* Exercise details
Take the listing below and write it out again exactly, skipping any picture that it holds.

* Information shown
::::::

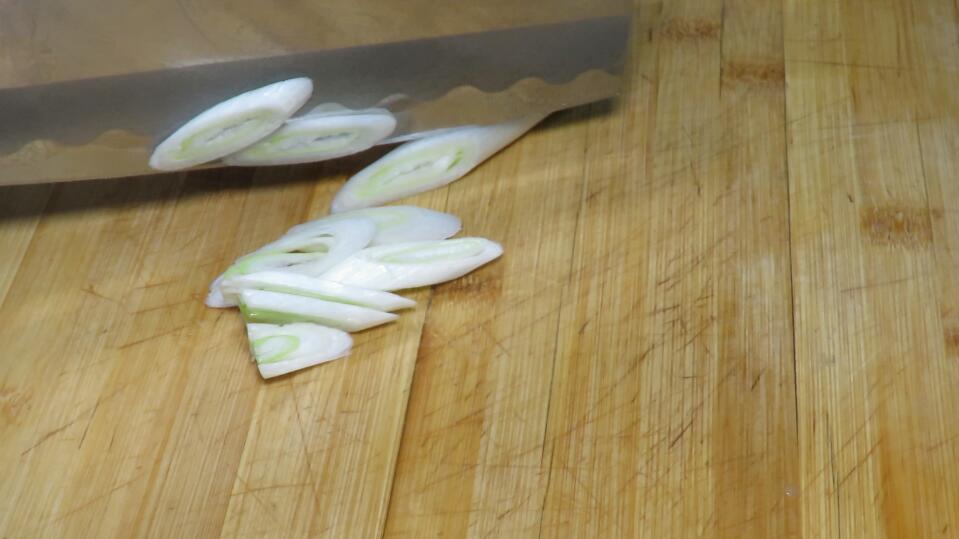 炒大虾要不要放油,炒大虾需要先腌制吗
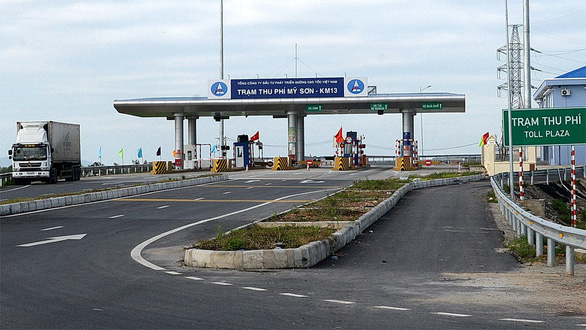A toll plaza on the Da Nang – Quang Ngai Expressway in central Vietnam. Photo: Tuoi Tre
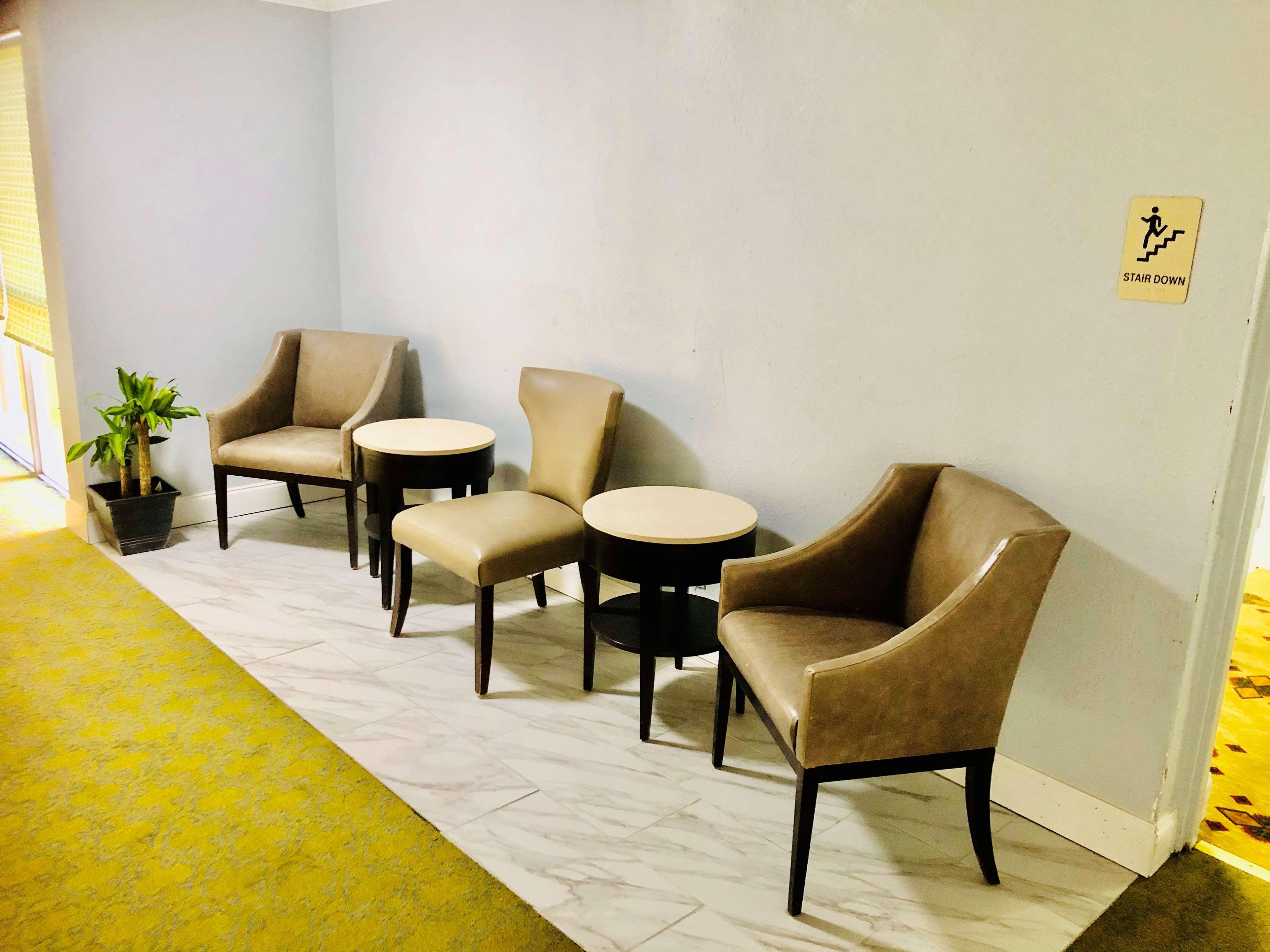 Montgomery Inn & Suites Eksteriør billede
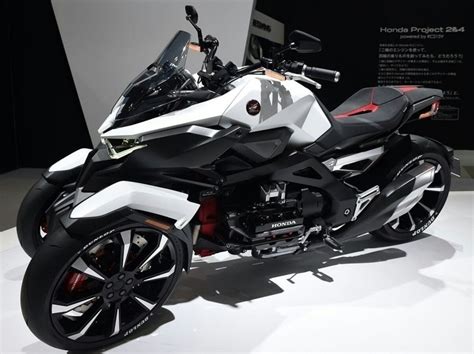 2019 Yamaha Niken Review Of Specs Features Leaning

::::::

* Written solution
 炒大虾要不要放油,炒大虾需要先腌制吗
A toll plaza on the Da Nang – Quang Ngai Expressway in central Vietnam. Photo: Tuoi Tre
 Montgomery Inn & Suites Eksteriør billede
 2019 Yamaha Niken Review Of Specs Features Leaning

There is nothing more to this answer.